■ **REQUIREMENT**: Set the listing down again in full, word for word, with the pictures left out.
═══ EXERCISE INPUT ═══
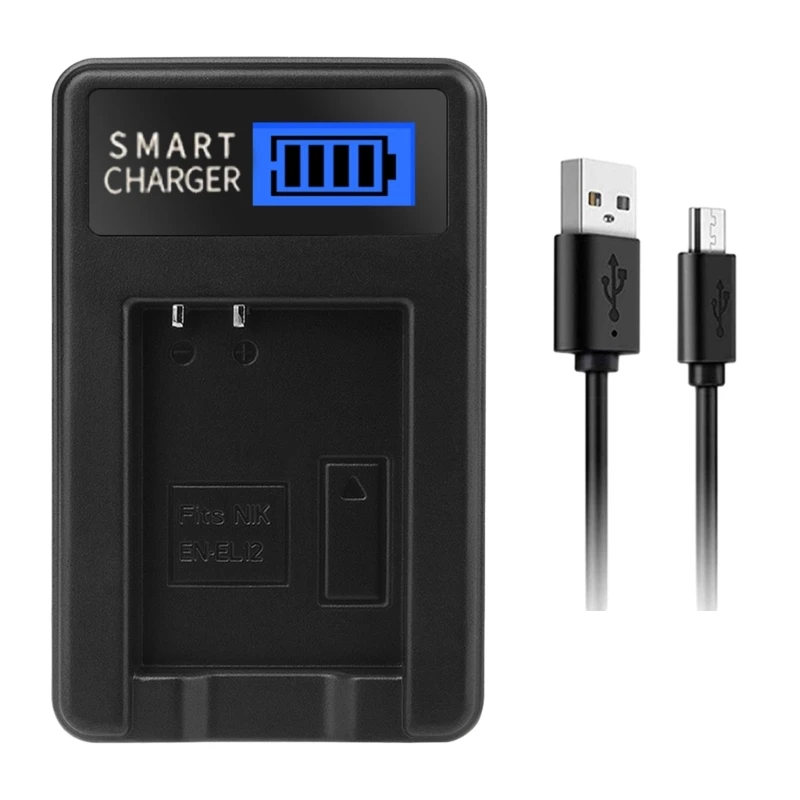 

USB Charging Dock for Nikon AW100 AW100s S9200 S9300 S9400 S9500 S9900 Battery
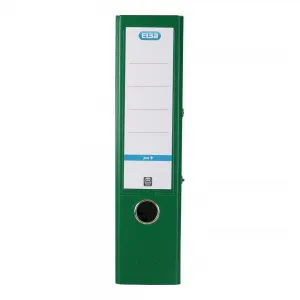 Segregator dźwigniowy Elba Pro+ 8 cm A4 zielony 80mm (100202174)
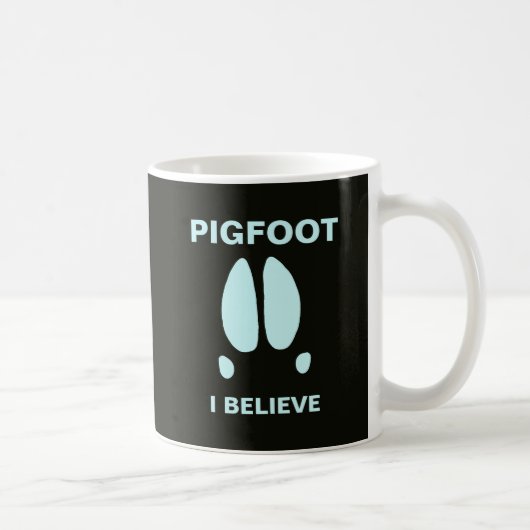 Pigfoot, geloof ik koffiemok (Rechts)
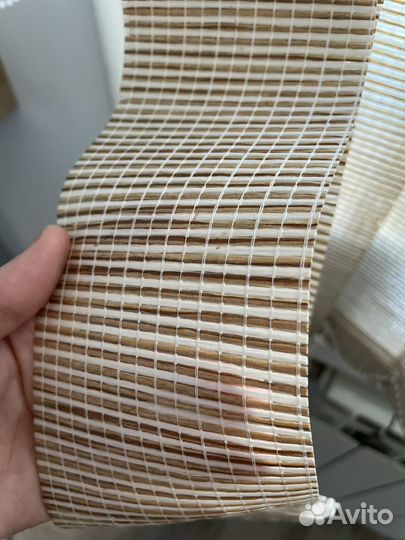 Жалюзи натуральная соломка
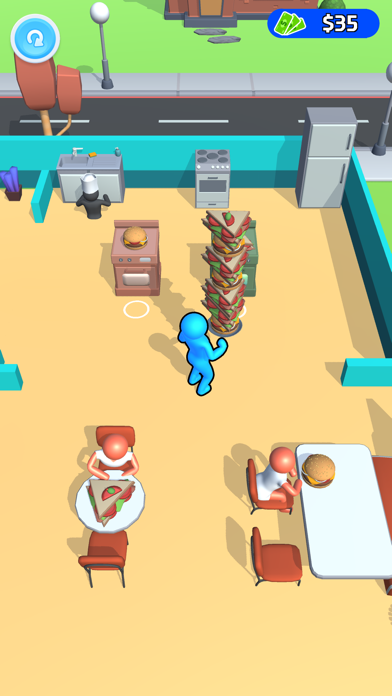 Mart Runner 3D - Mini Cashier Screenshot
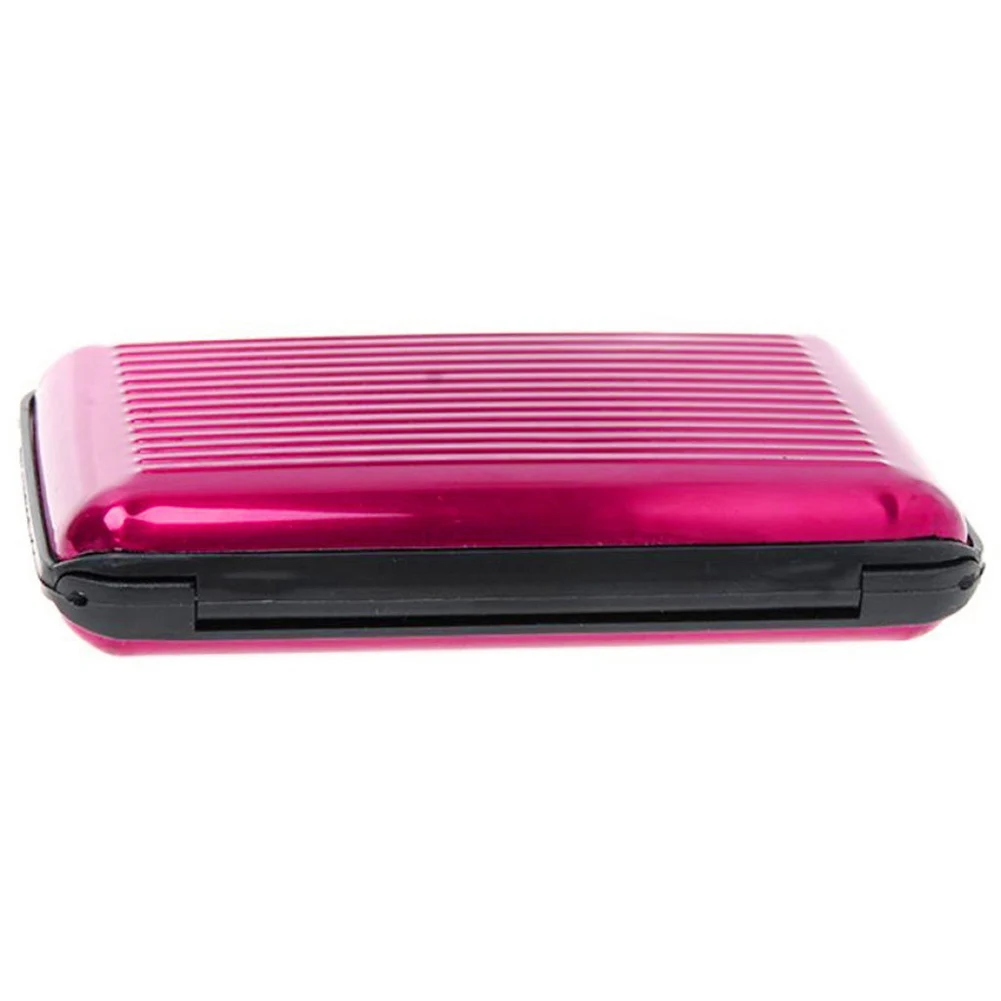 New Hot Wallet Business ID Credit Card Case Holder Anti RFID Scanning Card Holders for Men Women YAA99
═══
■ **SOLUTION TO THIS TASK**:
USB Charging Dock for Nikon AW100 AW100s S9200 S9300 S9400 S9500 S9900 Battery
 Segregator dźwigniowy Elba Pro+ 8 cm A4 zielony 80mm (100202174)
 Pigfoot, geloof ik koffiemok (Rechts)
 Жалюзи натуральная соломка
 Mart Runner 3D - Mini Cashier Screenshot
 New Hot Wallet Business ID Credit Card Case Holder Anti RFID Scanning Card Holders for Men Women YAA99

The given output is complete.